Not to sound condescending, but this reads like someone fimiliar with LLMs but very unfamiliar with statistics in general.

If we could understand economics, or poverty, or any number of other social structures, simply by cramming data into a statistical model with billions of parameters, we would've done that decades ago and these problems would already be understood.

In the real world, though, there is a phenomenon called overfitting. In other words you can perfectly model the training data but be unable to make useful predictions about new data (i.e. the future).

Deep neural networks can generalize well even when they're far into the overparametrized regime where classical statistical learning theory predicts overfitting. This is usually called "double descent" and there are many papers on it.

I could be wrong but I think we crossed the 1 billion parameter threshold in 2019. I'm not sure we had this ability for decades.

They mean with traditional hard computation, not LLM magic.

> The emerging field of mechanistic interpretability suggests otherwise. Researchers are developing tools to understand how neural networks do what they do, from network ablation and selective activation to feature visualization and circuit tracing. These techniques let you study a trained model the way a biologist studies an organism, through careful experimentation and observation.

honestly, when I read that part of the article I imagined that author never studied how computers were made and where the engineering ideas came from, all technology just "popped" and here we are talking about complexity and stuff like the LLM is truly alive

The author is not wrong.
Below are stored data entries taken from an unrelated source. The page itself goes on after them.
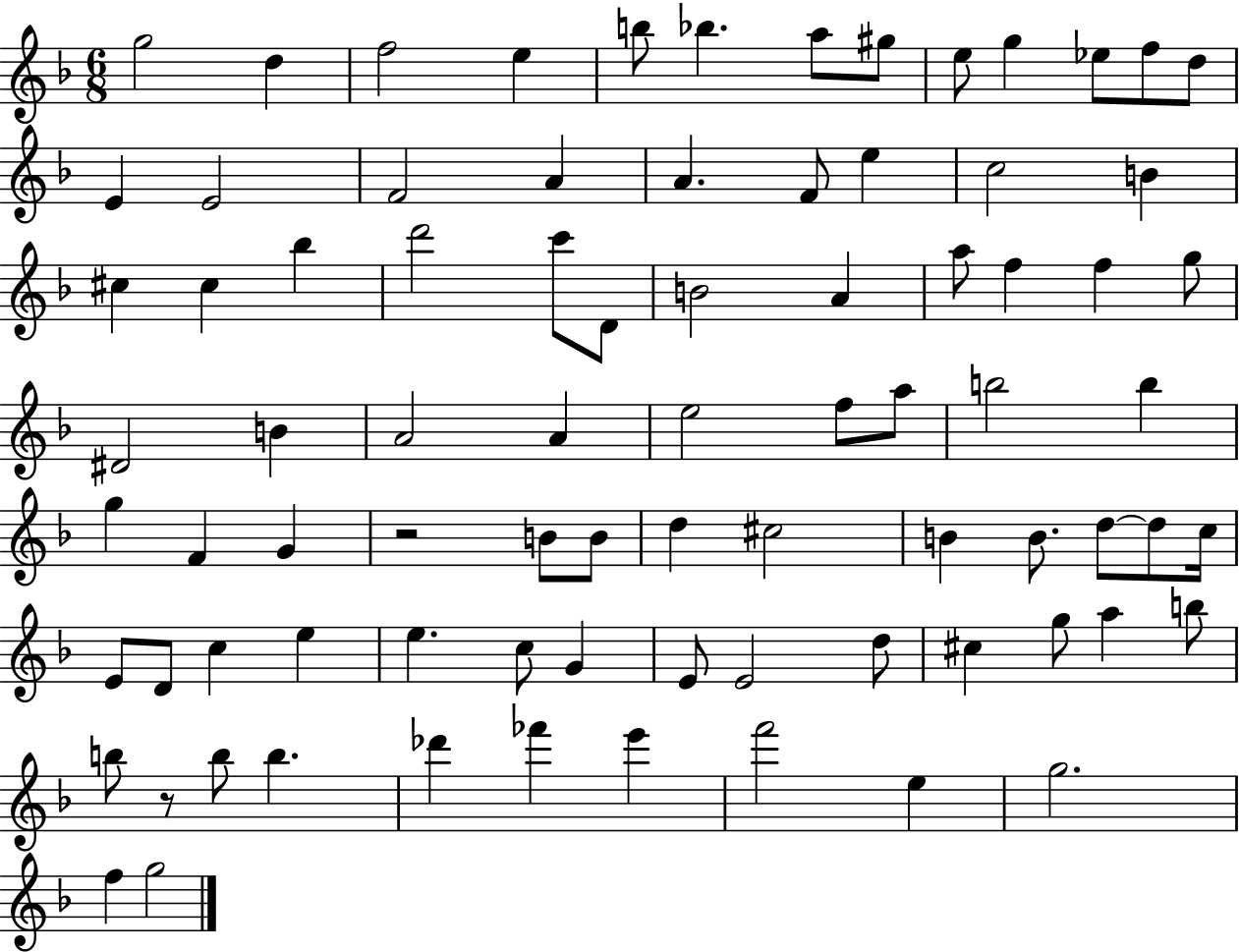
{
  \clef treble
  \numericTimeSignature
  \time 6/8
  \key f \major
  g''2 d''4 | f''2 e''4 | b''8 bes''4. a''8 gis''8 | e''8 g''4 ees''8 f''8 d''8 | \break e'4 e'2 | f'2 a'4 | a'4. f'8 e''4 | c''2 b'4 | \break cis''4 cis''4 bes''4 | d'''2 c'''8 d'8 | b'2 a'4 | a''8 f''4 f''4 g''8 | \break dis'2 b'4 | a'2 a'4 | e''2 f''8 a''8 | b''2 b''4 | \break g''4 f'4 g'4 | r2 b'8 b'8 | d''4 cis''2 | b'4 b'8. d''8~~ d''8 c''16 | \break e'8 d'8 c''4 e''4 | e''4. c''8 g'4 | e'8 e'2 d''8 | cis''4 g''8 a''4 b''8 | \break b''8 r8 b''8 b''4. | des'''4 fes'''4 e'''4 | f'''2 e''4 | g''2. | \break f''4 g''2 | \bar "|."
}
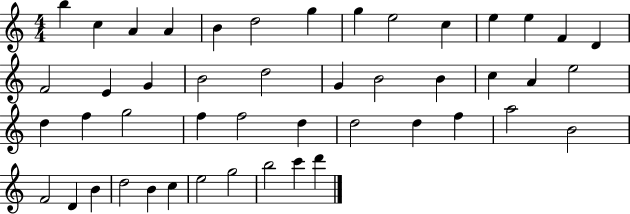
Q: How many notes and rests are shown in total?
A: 47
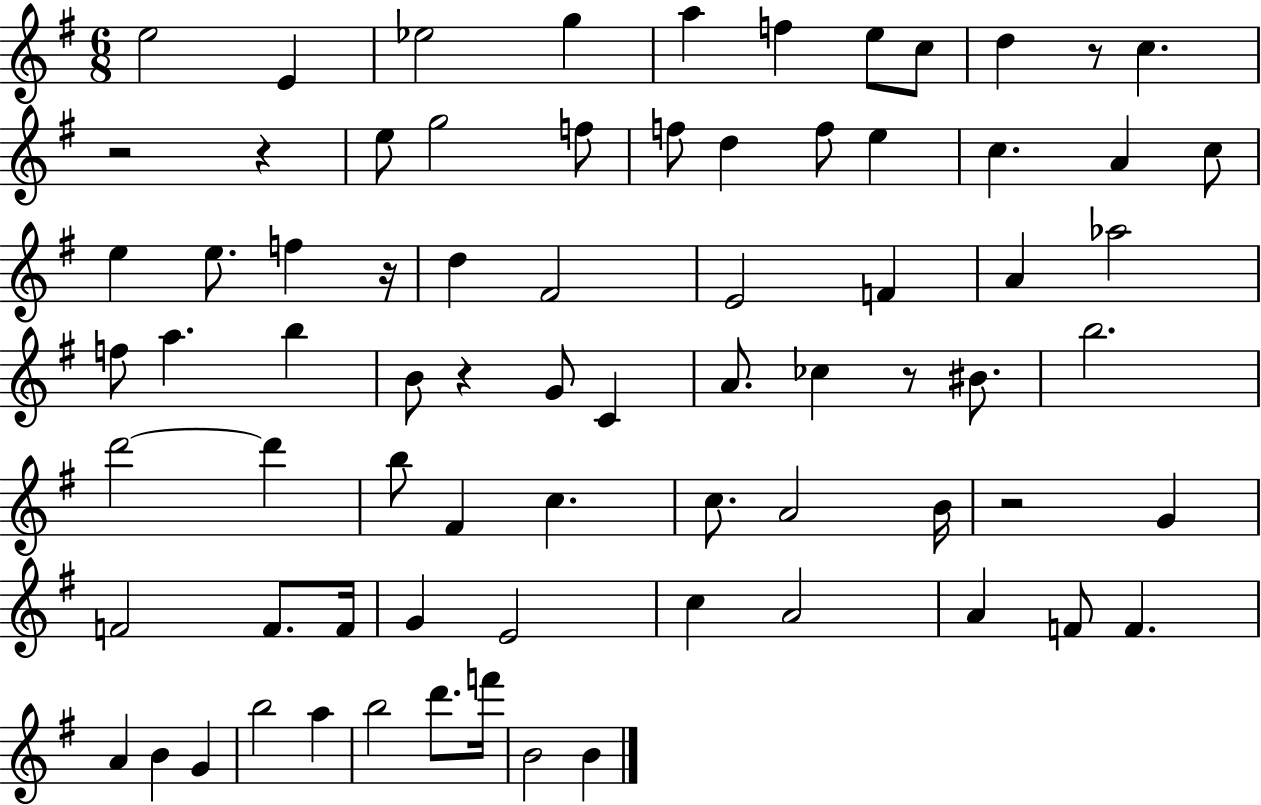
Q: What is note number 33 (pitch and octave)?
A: B4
You seem unaware of how nascent the field of LLM interpretability research is.

See this thread and article from earlier today showing what we're still able to learn from these interpretability experiments.
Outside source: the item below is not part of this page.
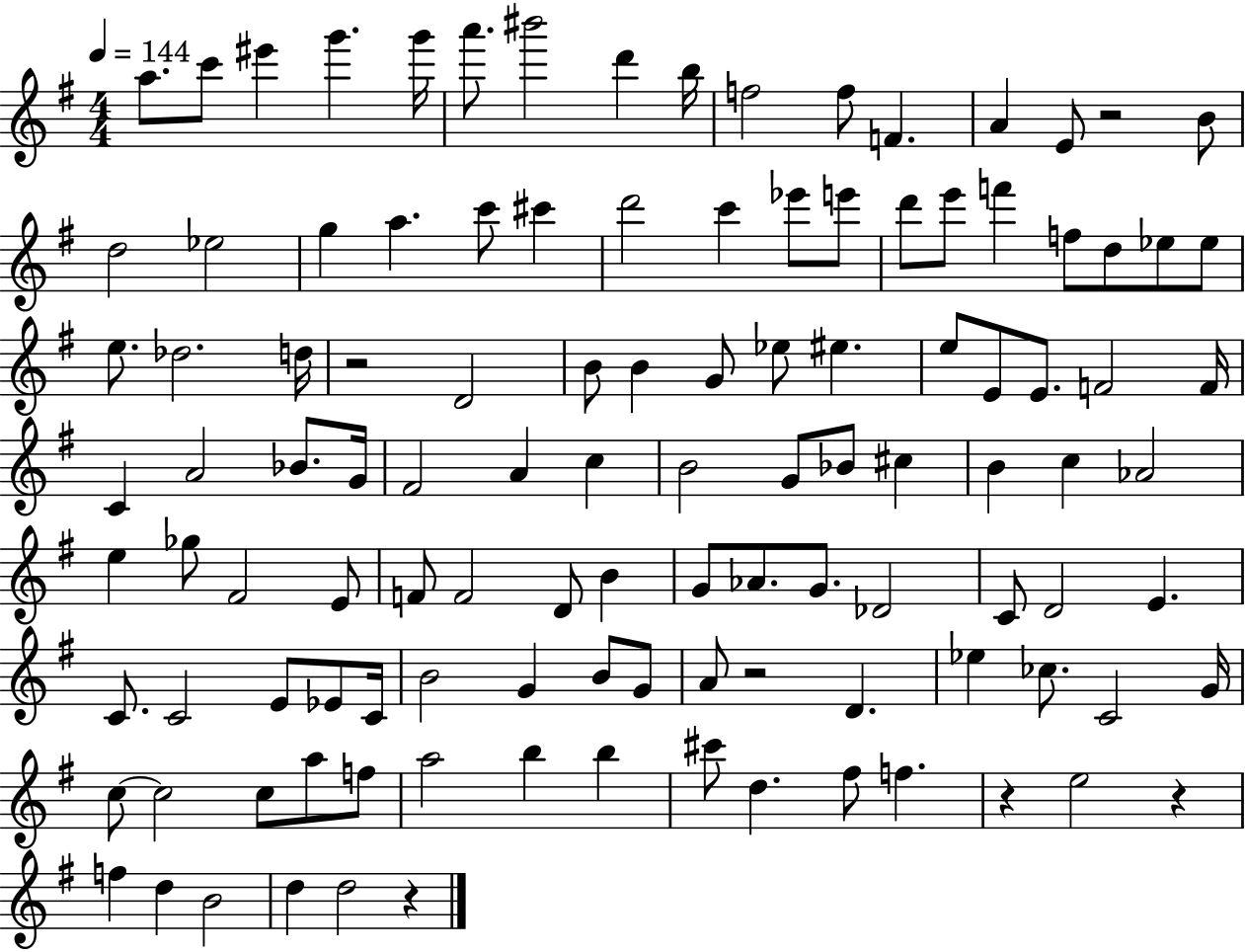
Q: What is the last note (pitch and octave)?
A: D5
https://news.ycombinator.com/item?id=47322887

Really good data only goes back a couple or more decades, so any data you put in your model has only been influenced by the kinds of things we’ve seen in that time. Impact of a hot war between major powers? The gold standard? Stagflation? Invention of the car or train? Transition of major world powers to democracy or communism? All these events left almost no data compared to today, to say nothing of run-of-the-mill changes in styles of monetary policy, economic drivers or shifts in style of government.

I think this is a really important distinction to make. The OP seems to be making a fallacious equivocation on the word "parameter" - specifically, any individual "parameter" in a large ML model has no unit of measurement because it doesn't mean anything on its own. I watched a great documentary about the "Soft Hair on Black Holes" paper where they talk about having to move from the blackboard to the computer because the equation explodes into thousand of parameters - the key thing to understand being that each of those parameters represents some "real" thing, a momentum, a charge, a curvature, etc.